The Houthi militia used the “hunger stampede” in Sanaa, which killed or injured over 200 poor people, as a justification for a campaign to defame a commercial group and hold it responsible.
However, commercial sources revealed that competition from Houthi factions played a role in the stampede.
The horrific incident occurred at a school in central Sanaa two days before Eid al-Fitr during an event organized by the Al-Kabous commercial group to distribute 5,000 riyals in financial aid to the poor.
Eyewitnesses reported that Houthi militants fired shots to disperse the crowd of impoverished people and prevent the aid distribution, leading to the tragedy.
Commercial sources based in Sanaa say that Yemeni commercial groups are attempting to use competition among Houthi factions to continue their business activities and confront extortion practices.
Sources have confirmed to Asharq Al-Awsat that the Al-Kabous commercial group recently aimed to challenge Houthi factions by publicly gathering and assisting the poor, in contrast to the majority of households and commercial groups that provide financial aid discreetly, hidden from the militias.

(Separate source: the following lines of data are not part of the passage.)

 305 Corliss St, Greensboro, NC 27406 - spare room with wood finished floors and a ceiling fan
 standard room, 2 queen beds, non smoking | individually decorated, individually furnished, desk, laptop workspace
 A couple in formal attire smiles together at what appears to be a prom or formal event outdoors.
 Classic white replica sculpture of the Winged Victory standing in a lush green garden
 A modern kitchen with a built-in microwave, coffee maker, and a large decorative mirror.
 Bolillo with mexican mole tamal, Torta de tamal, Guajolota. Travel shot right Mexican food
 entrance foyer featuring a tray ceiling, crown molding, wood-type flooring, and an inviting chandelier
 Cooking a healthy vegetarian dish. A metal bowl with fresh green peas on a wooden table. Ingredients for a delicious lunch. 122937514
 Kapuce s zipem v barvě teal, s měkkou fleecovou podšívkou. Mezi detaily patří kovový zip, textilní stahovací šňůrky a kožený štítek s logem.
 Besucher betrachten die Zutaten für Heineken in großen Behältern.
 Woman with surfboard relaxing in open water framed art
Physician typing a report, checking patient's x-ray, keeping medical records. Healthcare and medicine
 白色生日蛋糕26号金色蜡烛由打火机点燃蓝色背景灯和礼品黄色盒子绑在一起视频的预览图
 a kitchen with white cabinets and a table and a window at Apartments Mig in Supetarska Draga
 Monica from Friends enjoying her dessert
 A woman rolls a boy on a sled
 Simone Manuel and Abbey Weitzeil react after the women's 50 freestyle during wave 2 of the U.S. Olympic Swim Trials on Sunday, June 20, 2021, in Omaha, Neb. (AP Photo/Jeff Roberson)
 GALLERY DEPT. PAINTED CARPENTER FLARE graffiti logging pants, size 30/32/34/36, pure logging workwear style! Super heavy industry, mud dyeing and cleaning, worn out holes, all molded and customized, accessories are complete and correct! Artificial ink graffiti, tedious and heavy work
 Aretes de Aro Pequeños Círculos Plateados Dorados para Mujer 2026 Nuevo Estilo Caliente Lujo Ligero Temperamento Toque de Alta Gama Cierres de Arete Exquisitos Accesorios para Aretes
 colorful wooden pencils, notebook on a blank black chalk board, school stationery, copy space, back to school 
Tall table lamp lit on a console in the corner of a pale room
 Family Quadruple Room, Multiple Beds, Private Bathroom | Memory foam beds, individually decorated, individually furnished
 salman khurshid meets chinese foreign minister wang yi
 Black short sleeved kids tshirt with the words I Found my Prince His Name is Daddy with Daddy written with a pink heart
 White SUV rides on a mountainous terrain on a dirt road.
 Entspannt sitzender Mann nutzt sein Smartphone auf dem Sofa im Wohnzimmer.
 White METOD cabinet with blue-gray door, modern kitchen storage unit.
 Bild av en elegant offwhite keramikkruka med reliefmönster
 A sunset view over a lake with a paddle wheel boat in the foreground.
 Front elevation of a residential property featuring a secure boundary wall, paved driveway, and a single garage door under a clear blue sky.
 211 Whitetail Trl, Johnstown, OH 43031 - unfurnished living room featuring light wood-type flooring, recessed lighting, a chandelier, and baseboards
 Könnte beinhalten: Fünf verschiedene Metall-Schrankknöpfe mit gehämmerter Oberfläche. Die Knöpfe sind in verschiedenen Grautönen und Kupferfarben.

Sources report that Al-Kabous is facing Houthi extortion practices and relying on several Houthi faction leaders for protection against other factions’ attempts to nationalize and seize its operations and assets.
Most large and longstanding companies and trade organizations have employed this strategy when faced with Houthi extortion campaigns, sources added.
They aim to align themselves with the more practical and level-headed Houthi factions to gain their backing and safeguard their interests, they explained.
Some of these factions are made up of Houthi families from Sanaa province or those who previously lived in the capital and had ties and influence during the reign of former President Ali Abdullah Saleh.
According to sources, these families hold different views from the Houthi families from Saada, who seek to monopolize commercial and economic activities.